Colin Starkey suggests the optically guided tram bus system as used in the Chinese city Zhuzhou instead of trams
This is not a new idea and was installed in France in since 2001 in Rouen and Nimes.
It has a number of disadvantages compared to steel wheeled trams. As is becoming increasingly realised that rubber tyre and road dust are potentially worse than diesel fumes, as they comprise minute carcinogenic particles.
Having rubber wheels the road friction and hence energy consumption is at least twice that of a steel wheeled vehicle.
There are issues with the guidance system when it is foggy, snow or very heavy rain.
Rubber wheeled buses inflict great damage on existing roads ( more so than does a tram ) and in particularly because the tram bus always takes the same route rutting and potholing soon become a problem making the ride uncomfortable compared to a steel while tram.
Perhaps this is why over 25 new tram systems have been installed in France, and only two of these optically guided bus systems. I travel with my family frequently in France and can assure your readers that the new trams are very popular, well used and have made their cities thriving and pleasant. You can’t say that for our buses!
Tram bus is a cheap alternative which does not have the allure and glamour of a tram, which has the overwhelming advantage of being able to attract car drivers, who have never found a bus to be acceptable. Croydon tram system for example has 25% of its passengers leaving a car at home, and has thus significantly cut congestion and made the centre a pleasant place.
It is worth noting that none of the existing UK guided busways have been a success, many being called white elephants for a variety of reasons. However wherever a tram has been installed, not only has the city actually cut congestion, but there is always a clamour for extension – note Edinburgh is being extended despite initial difficulties, and likewise Nottingham.
“Trackless trams” as described by Colin Starkey (Chronicle – 29 March) don’t work.
In France, the system in Caen is being replaced by a conventional steel-wheel tramway and the one in Nancy will follow suit in 2021. A different type of rubber-tyred tramway in Clermont-Ferrand has faced a variety of problems with accidents and the need to constantly resurface the roadway. In another French city, Rouen, attempts at guidance of buses by cameras following painted lines on the road surface have been limited to “docking” at stops, while other means of electronic or magnetic guidance have failed to achieve safety certification in both France and The Netherlands.
The operation in Zuzhou (China) has yet to prove sustainable and has been introduced to an environment markedly different to Europe. It is unlikely that the proposals for an “autonomous metro” in Cambridge would achieve compliance with UK legislation and the huge costs of the tunnel section proposed for this system are unlikely to be funded.

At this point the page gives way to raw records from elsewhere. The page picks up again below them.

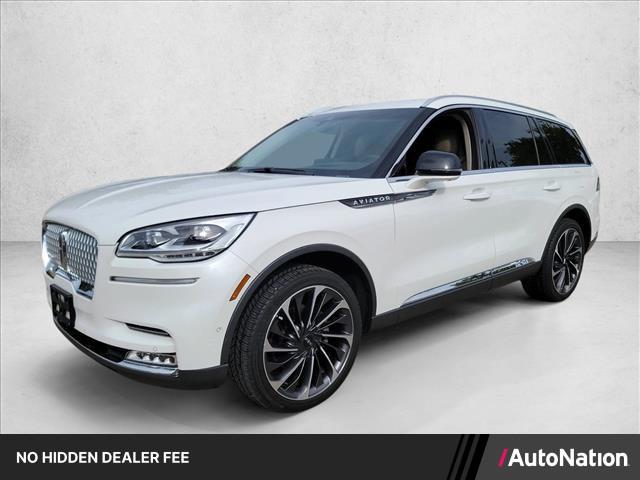 2020 Lincoln Aviator Reserve for sale in Austin, TX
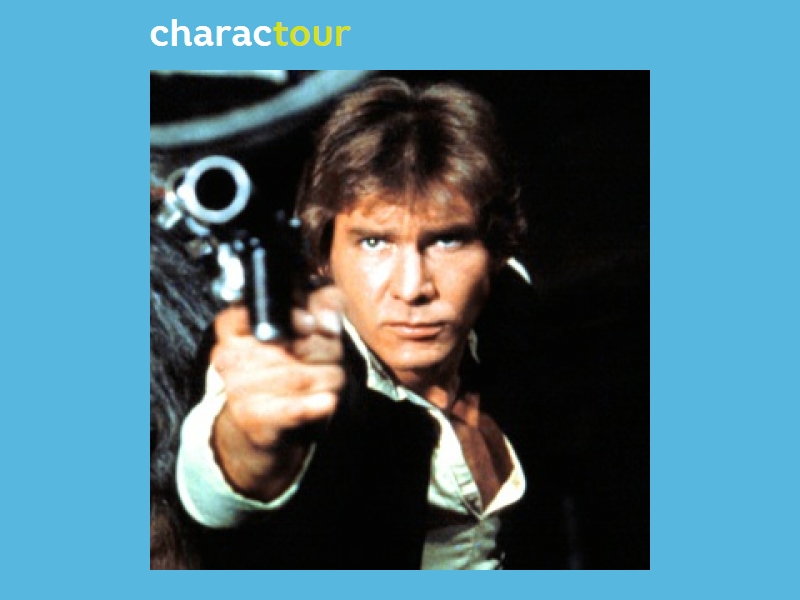 Han solo character 2025 analysis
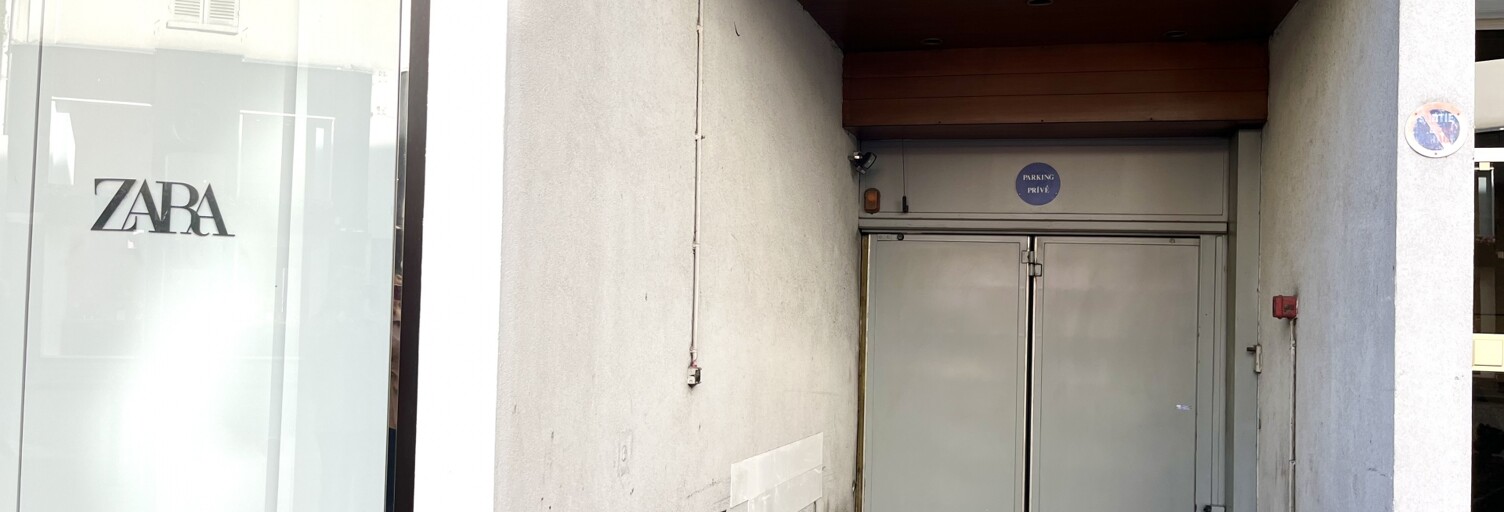 Garage  12 m² à vendre à Paris 16 (75016)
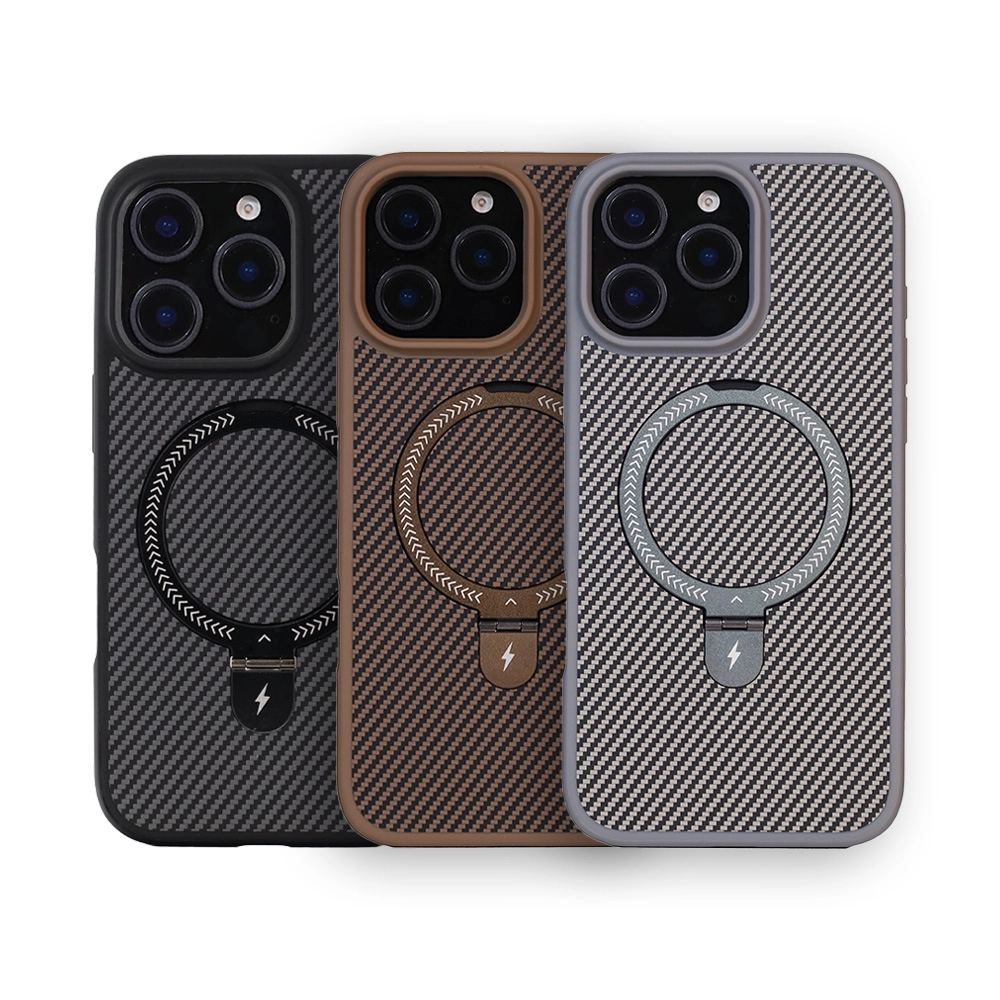 گارد سولاداکربن مگسیف IPHONE 16 PROMAX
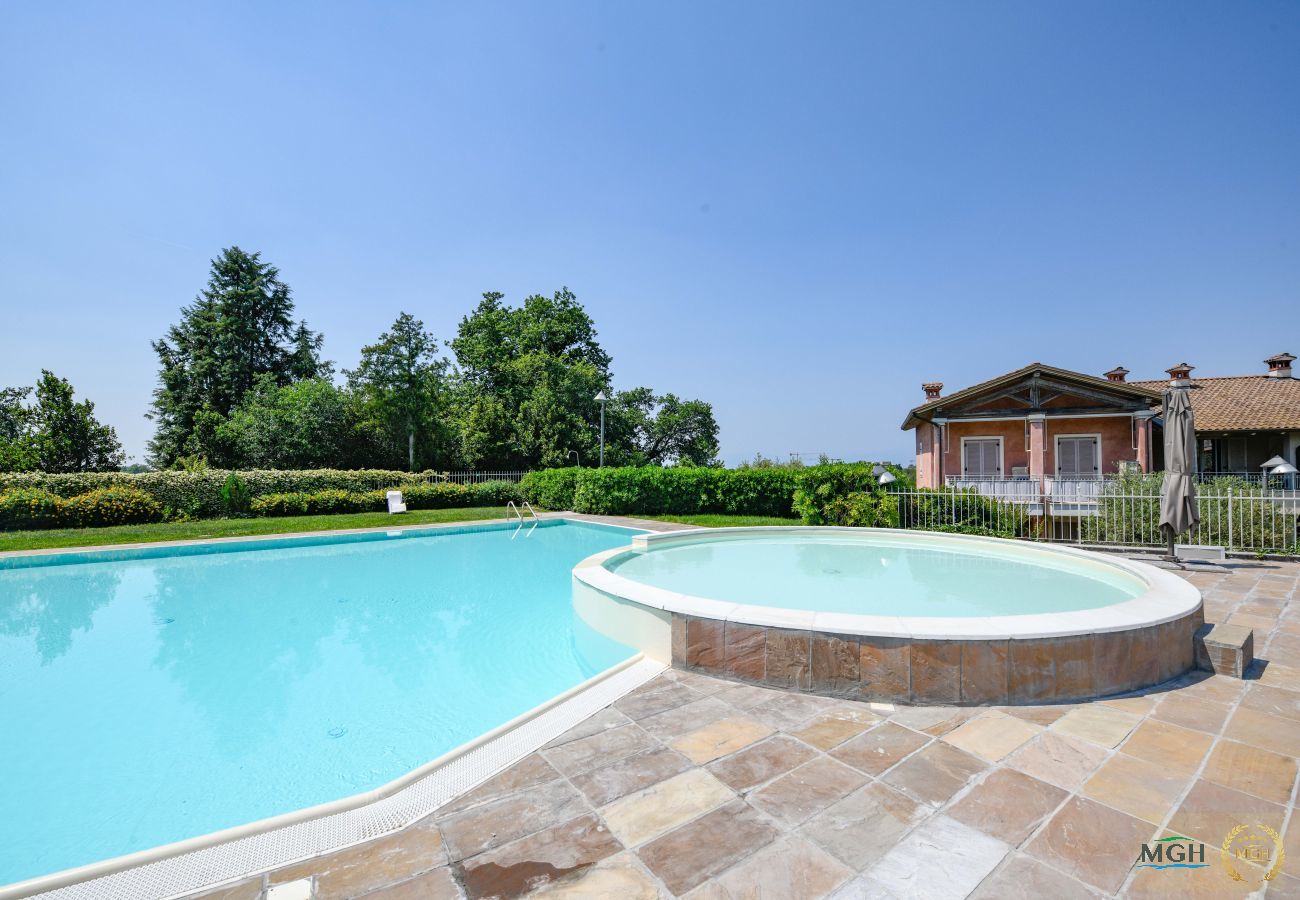 Appartamento a Castelnuovo del Garda - My Peschiera Holiday Apartment- Quadrivium 3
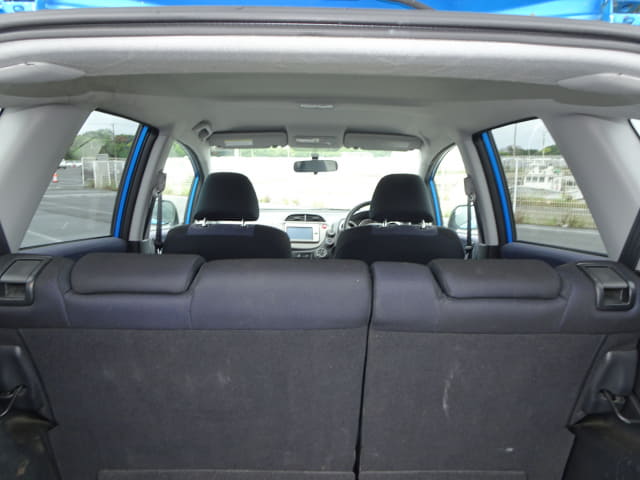 HONDA Fit thumbnail 24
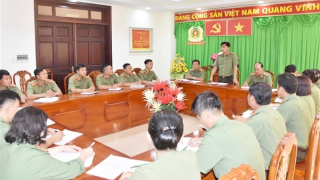 Chủ động bám sát địa bàn, dự báo sát tình hình chính sách phát triển kinh tế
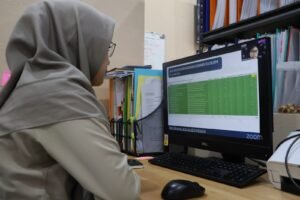 Kantah PPU Perkuat Arsip Digital, Pegawai&hellip;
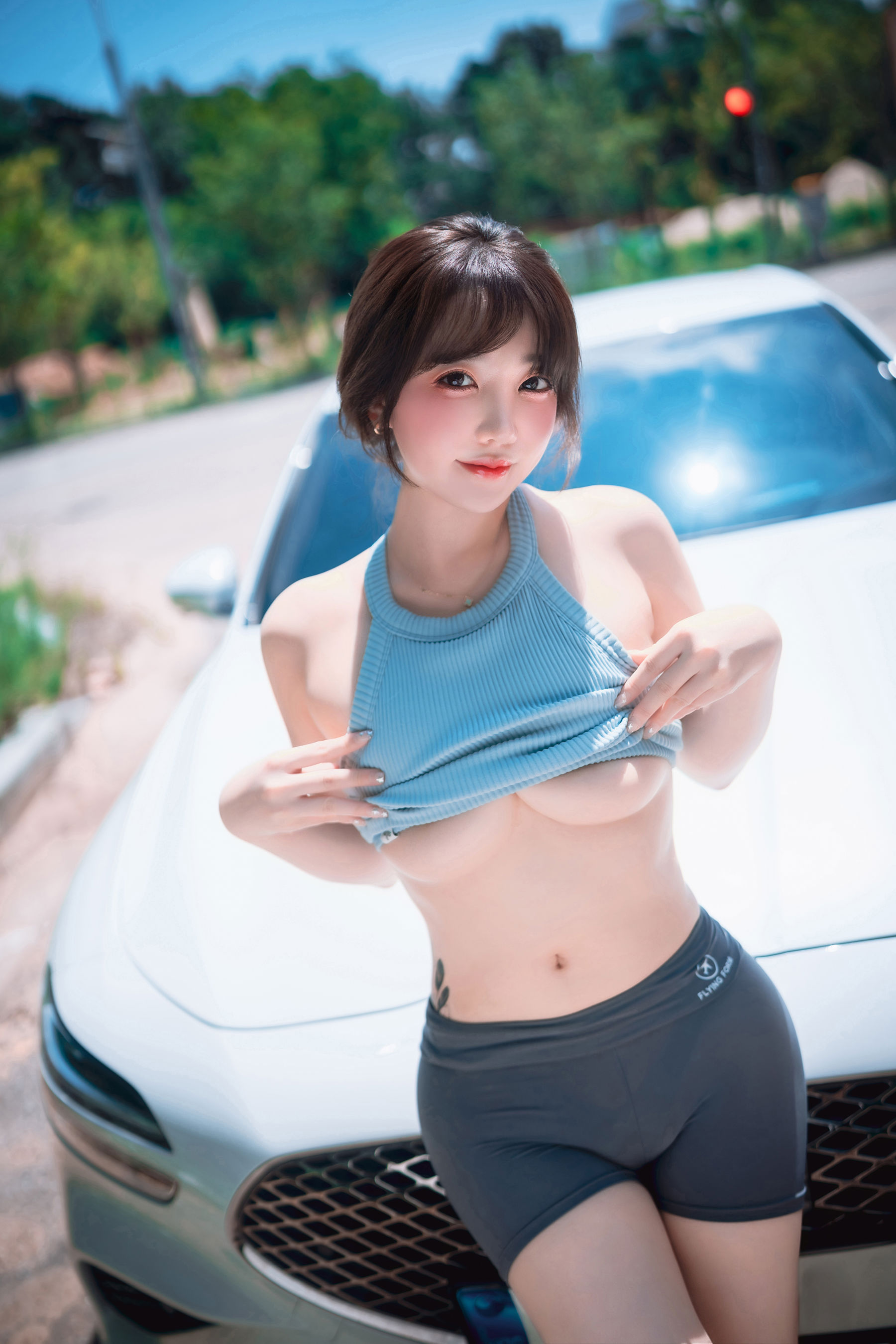[DJAWA] Son Ye Eun - Wash My Car 第23张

Conventional electric tramways are fully proven and have the considerable advantage of creating zero emissions at the point of use whereas the alternatives described above all involve the most dangerous “Oslo Effect” pollution through wear of tyres, road surfaces and braking equipment.
For both Bath and Cambridge the best form of public transport for the cities’ busiest corridors is a modern tramway.
|Sat, 13 Apr, 15:36 (2 days ago)|
The Paris ones are not optical. They T5 & T6 ( Translohr “trams” now owned by Alstom ) and the one in Caen being replaced run on pneumatic tyres with a central sloted guide rail.
The ones in Paris seem to be performing better than the one in Caen (early model).
It was a little cheaper in capital cost but not much and the running cost is more, the reasonfor their use is probably political.
|Sun, 14 Apr, 19:10 (1 day ago)|
You’re right, John
Alstom has now ceased “Translohr” production so the future for that system looks bleak. In principle, Translohr’s technology was superior to Bombardier’s (GLT/TVR as in Caen & Nancy) but both are substantially inferior to a conventional tramway, and have proven more costly! Both were “political” – including the takeover of Translohr by Alstom and the clear government “persuasion” of RATP to install the system on T5 and T6.